* TO DO
Go through the data underneath and report how many lines hold the string "young", giving only the number.

* RECORDS TO PROCESS

»»

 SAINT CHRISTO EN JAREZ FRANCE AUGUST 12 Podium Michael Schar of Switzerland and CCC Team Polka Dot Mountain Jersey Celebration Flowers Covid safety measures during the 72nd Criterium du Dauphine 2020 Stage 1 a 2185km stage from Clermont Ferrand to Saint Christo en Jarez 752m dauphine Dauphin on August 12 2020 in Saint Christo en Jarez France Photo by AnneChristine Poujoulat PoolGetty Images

««
»»

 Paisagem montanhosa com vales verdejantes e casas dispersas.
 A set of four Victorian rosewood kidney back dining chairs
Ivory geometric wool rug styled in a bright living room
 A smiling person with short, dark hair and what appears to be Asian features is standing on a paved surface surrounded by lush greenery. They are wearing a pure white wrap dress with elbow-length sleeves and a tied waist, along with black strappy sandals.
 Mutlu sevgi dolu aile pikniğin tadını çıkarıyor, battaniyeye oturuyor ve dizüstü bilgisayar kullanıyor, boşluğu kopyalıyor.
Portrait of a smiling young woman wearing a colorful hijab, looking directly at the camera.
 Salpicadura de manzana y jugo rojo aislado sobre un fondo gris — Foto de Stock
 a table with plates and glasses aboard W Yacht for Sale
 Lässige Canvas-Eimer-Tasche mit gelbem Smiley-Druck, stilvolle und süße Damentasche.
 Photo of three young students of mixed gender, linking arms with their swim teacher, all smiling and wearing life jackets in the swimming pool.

««

* REPLY TO THE TASK
2